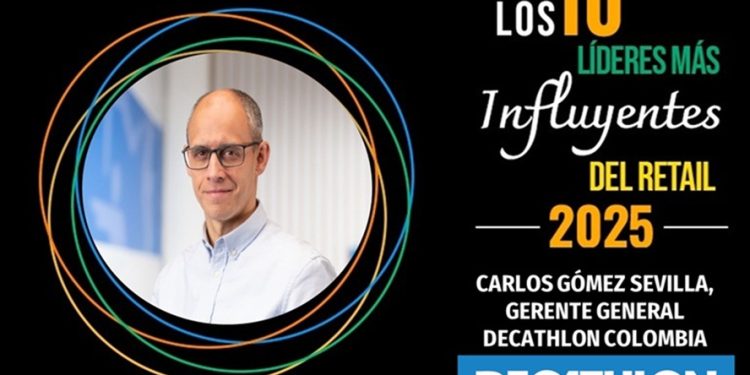Carlos Gómez, el líder que pone a Colombia en movimiento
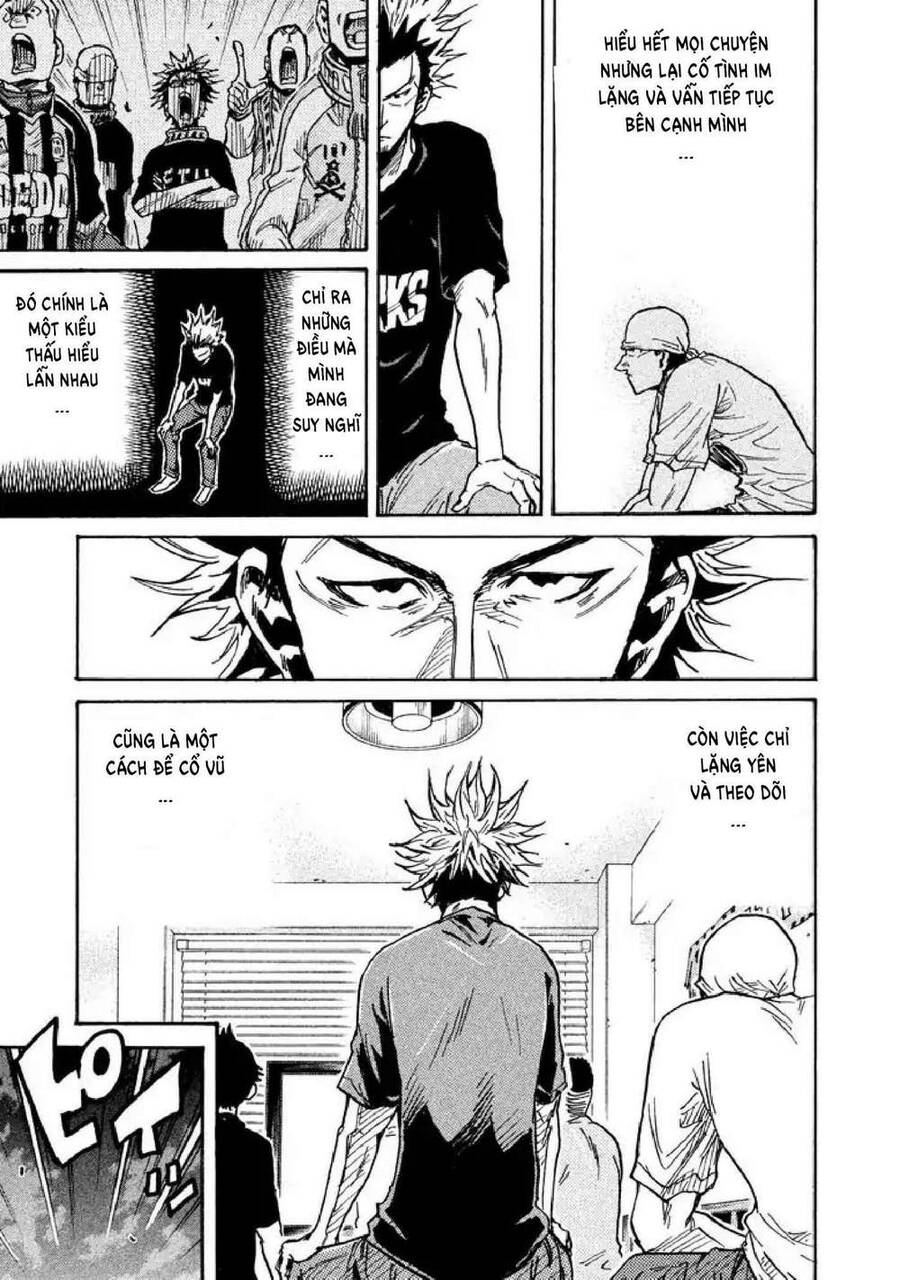 Giant Killing Chapter 258 - 16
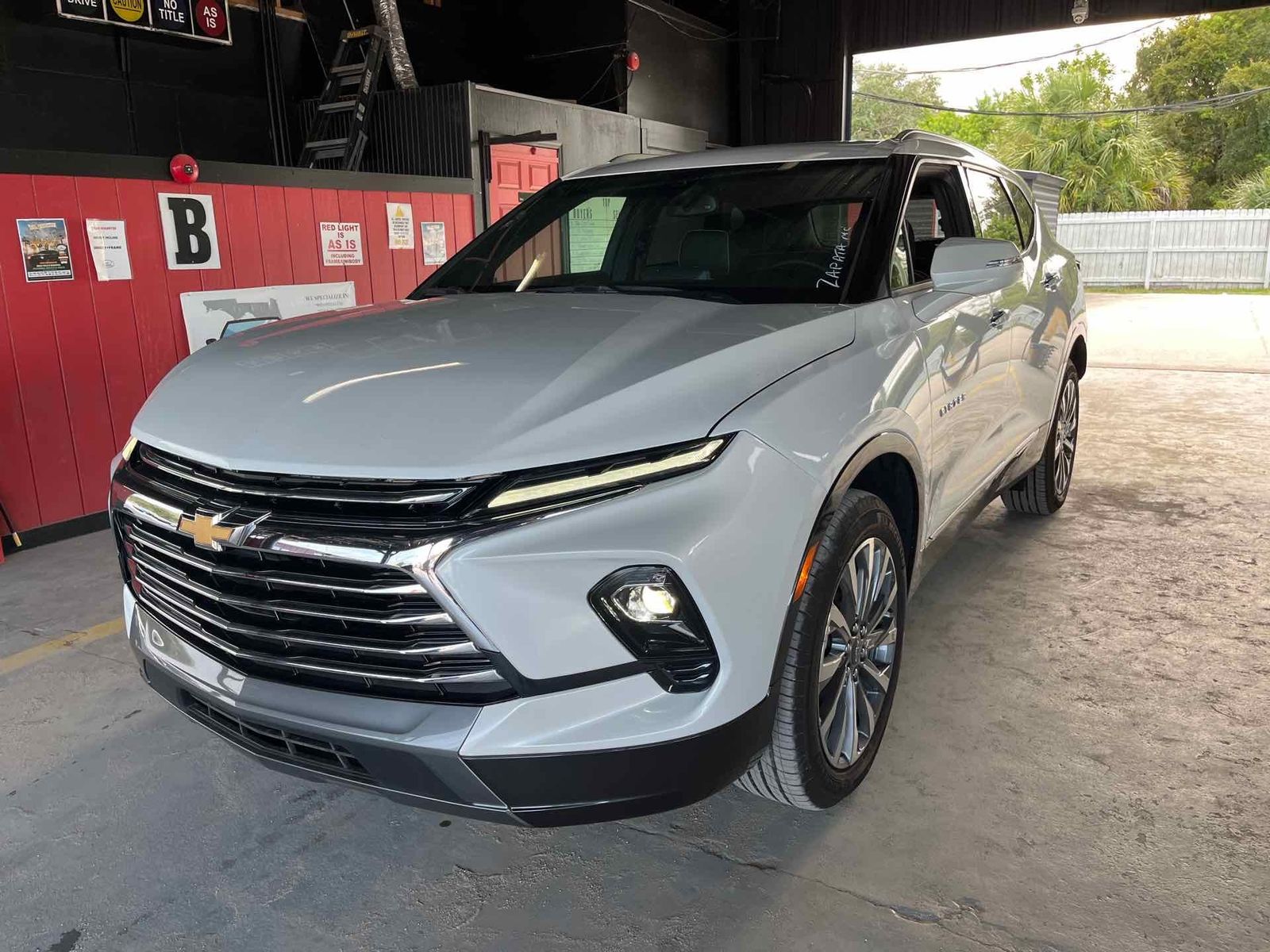 2024 CHEVROLET BLAZER Premier - 1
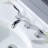 Widespread 2-handle Bathroom Faucet with Drain Assembly-59120886
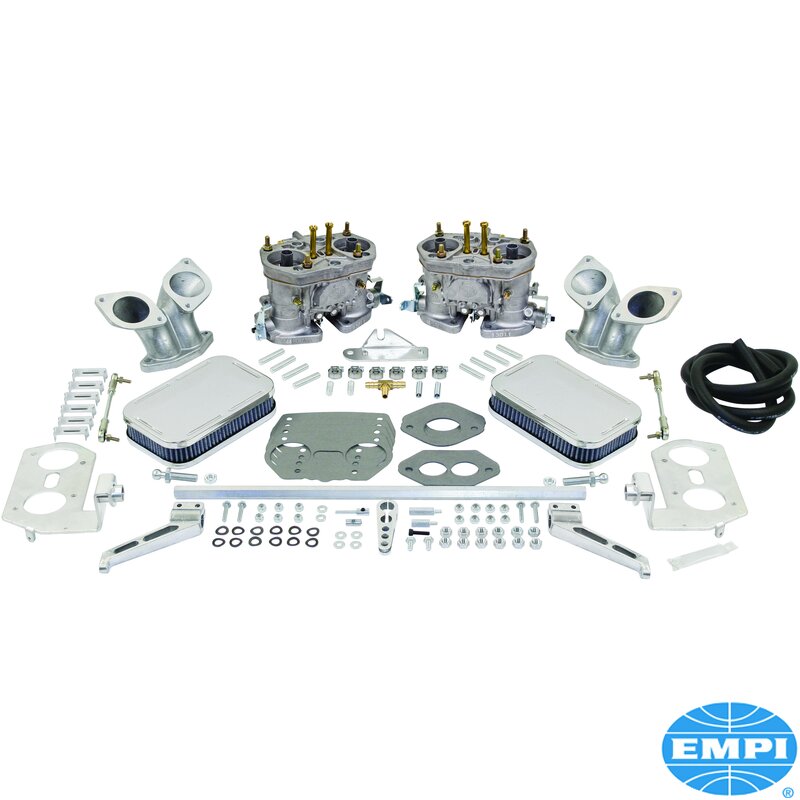 Twin 40IDF HPMX Carburettor Kit - Type 3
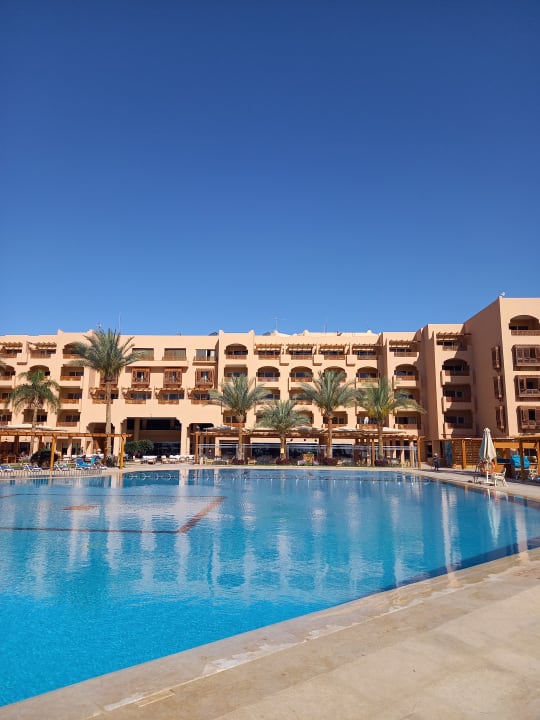 Pool Continental Hotel Hurghada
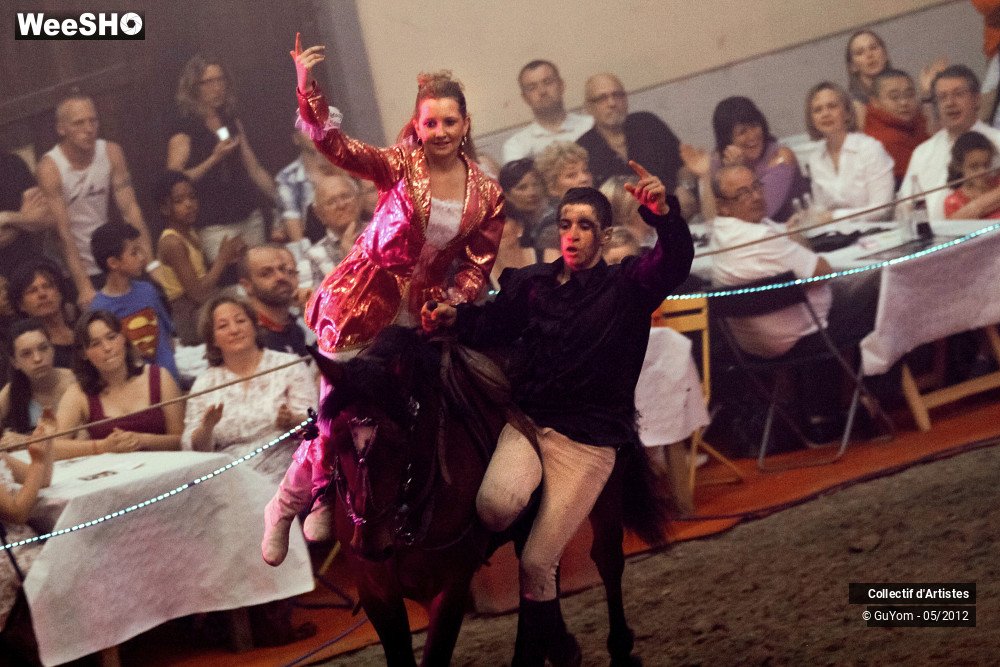 29/49 photos du spectacle Spectacle Equestre 2 Juniors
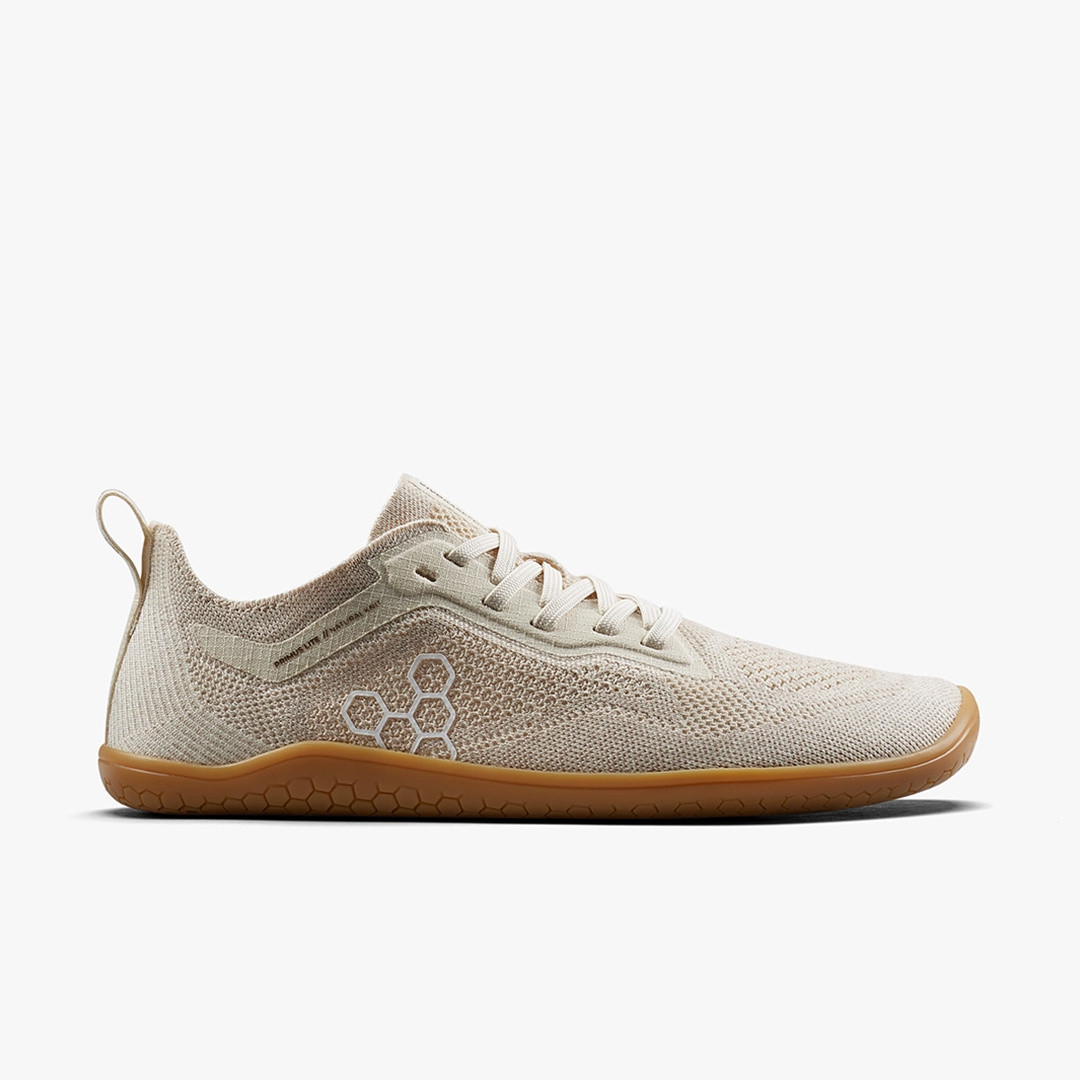 Primus Lite Knit Natural Ladies Egret - Barefoot & More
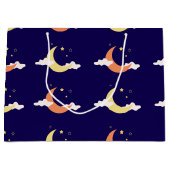 Moon & Stars Grote Cadeautas (Voorkant)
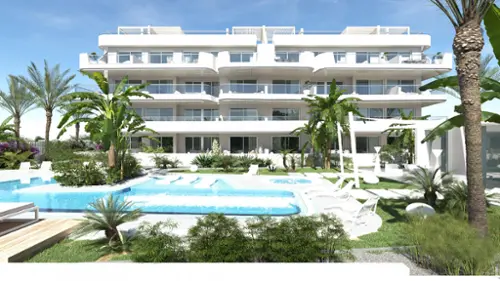 Aguamarina-Sector A1 Baix Segura Wohnung Bild 6212393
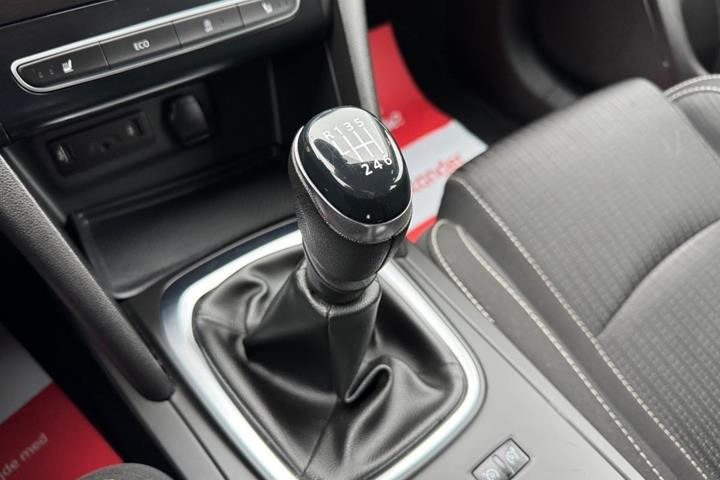 undefined Renault Megane IV fra 2018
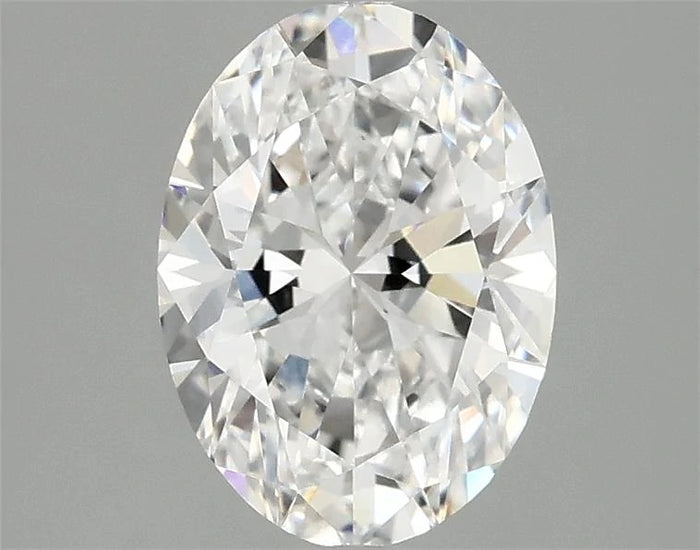 1.58 Carat · OVAL · D · VVS2 · IGI · Excellent Cut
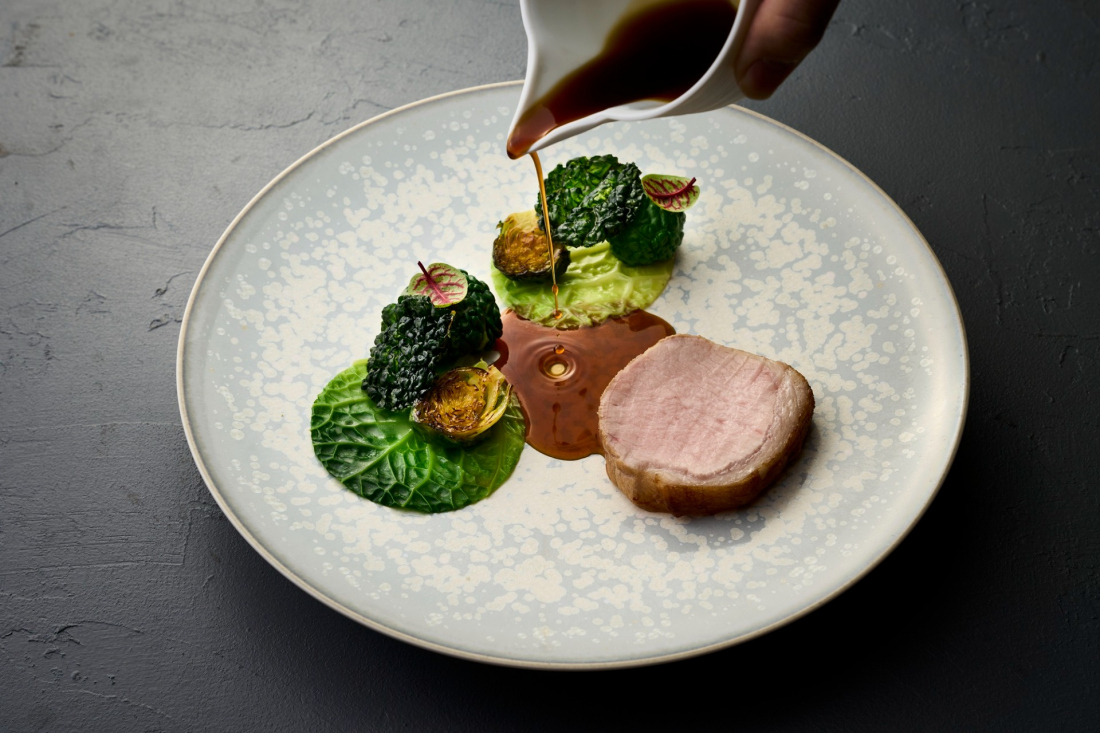 ドミニク・ブシェ　フレンチ 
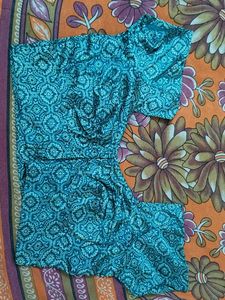 Stylish Printed Blouse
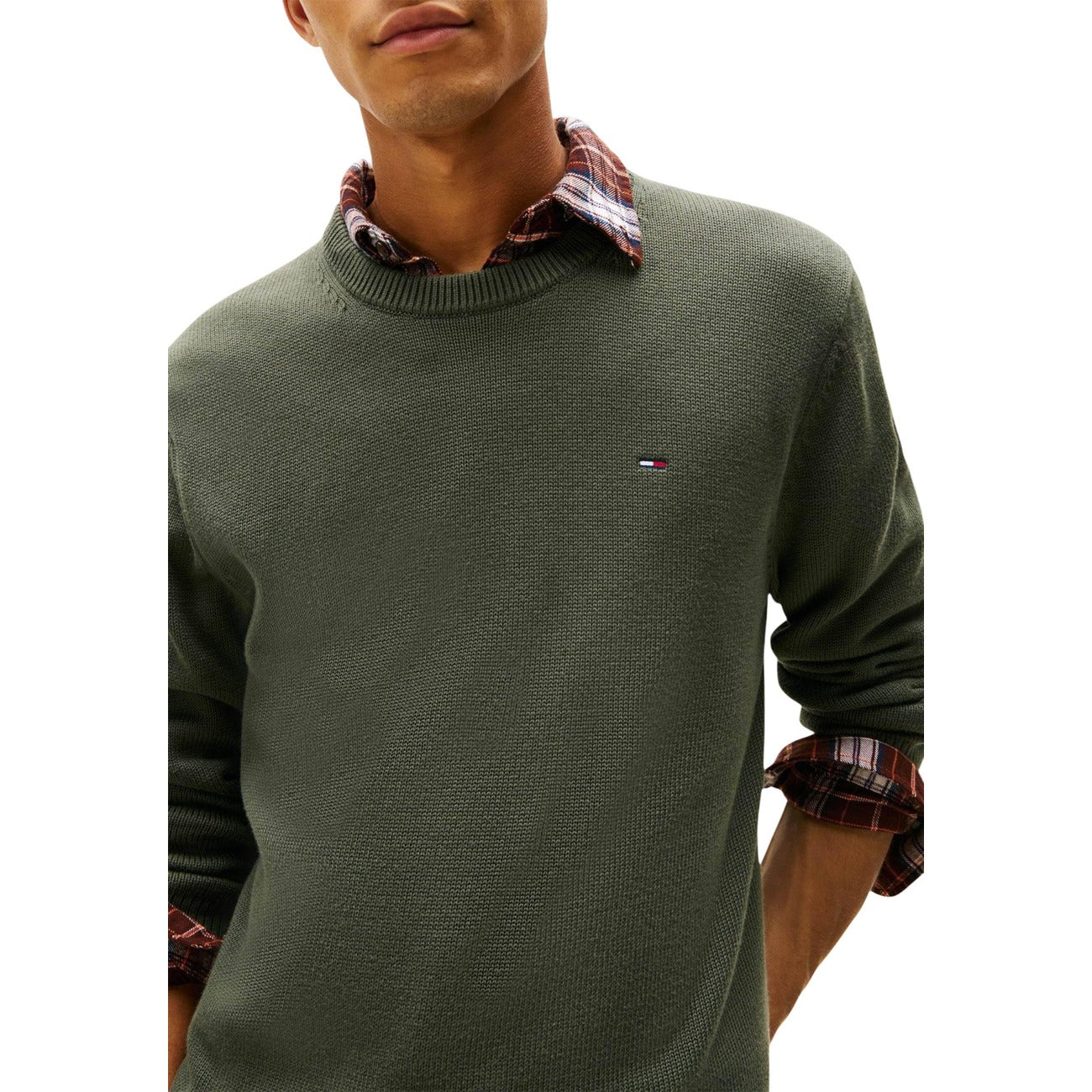 Tommy Hilfiger Jeans Maglia Uomo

TASK GOAL:
Using the listing above, copy every line from the line containing "1.58 Carat ·" through the last one, both included, and no other lines. Pictures stay out.

SOLUTION TO THE EXERCISE:
 1.58 Carat · OVAL · D · VVS2 · IGI · Excellent Cut
 ドミニク・ブシェ　フレンチ 
 Stylish Printed Blouse
 Tommy Hilfiger Jeans Maglia Uomo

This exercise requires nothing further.